ACA said the Wireline Bureau activities not only support wireline “interstate telecommunications service providers” (ITSPs) but also wireless service providers. It said to ensure the Wireline Bureau activities are funded in a “fair and equitable, and competitively neutral manner,” the commission should identify the bureau costs to regulate wireless providers and revise the regulatory fees accordingly. ACA said CTIA filed the only comments opposing ITTA’s proposed shift. “However, nowhere in its comments does CTIA argue that [Wireline Communications Bureau (WCB) full-time equivalents (FTEs)] are not performing work for wireless providers,” ACA said. “Instead, CTIA engages in misdirection, avoiding the fundamental inquiry about whether WCB FTE’s are actually performing work for wireless providers.”
ITTA discussed with FCC officials the “burden borne by wireline voice providers and their customers and the need for the Commission to adjust its regulatory fee structure to reflect that” the Wireline Bureau’s work is no longer focused exclusively on ITSPs. “We expressed our continued support for the Commission to combine wireless voice providers into the ITSP regulatory fee category so that all voice providers pay regulatory fees on the same basis, and we advocated for a revenues-based approach for purposes of implementing the combined fee category. We also discussed other methodologies the Commission could utilize in calculating regulatory fees to reflect that the work of the Wireline Competition Bureau impacts multiple segments of the communications industry."

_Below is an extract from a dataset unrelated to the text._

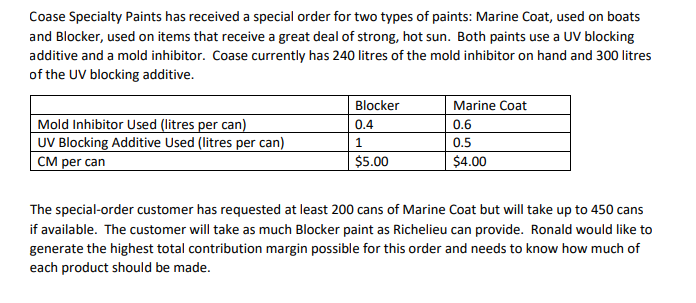 Coase Specialty Paints has received a special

But CTIA said it’s time for the FCC to put an end to ITTA’s continued attempts to shift wireline sector regulatory fees to wireless providers. “The Commission should take this opportunity to once and for all deny ITTA’s repeated and unfounded call to add ITSP fees to wireless voice services and reject these other proposals,” the wireless group said.
CTIA said Section 9 of the Communications Act “affords clear -- but limited -- bases to modify the regulatory fee structure, which ITTA and ACA fail to meet.” It said ACA and ITTA incorrectly argue that USF programs “are solely covered by” the Wireline Bureau, “when in fact [Wireless Bureau] FTEs and the wireless industry contribute significantly to USF matters." CTIA also said wireless consumers and providers are the largest contributors to USF, paying 44 percent of its costs, “and thereby contribute heavily to defraying USF-related costs.” Other ACA and ITTA arguments are “simply wrong,” said CTIA. “The success and growth of the wireless industry cannot be the basis for changing the regulatory fee structure.”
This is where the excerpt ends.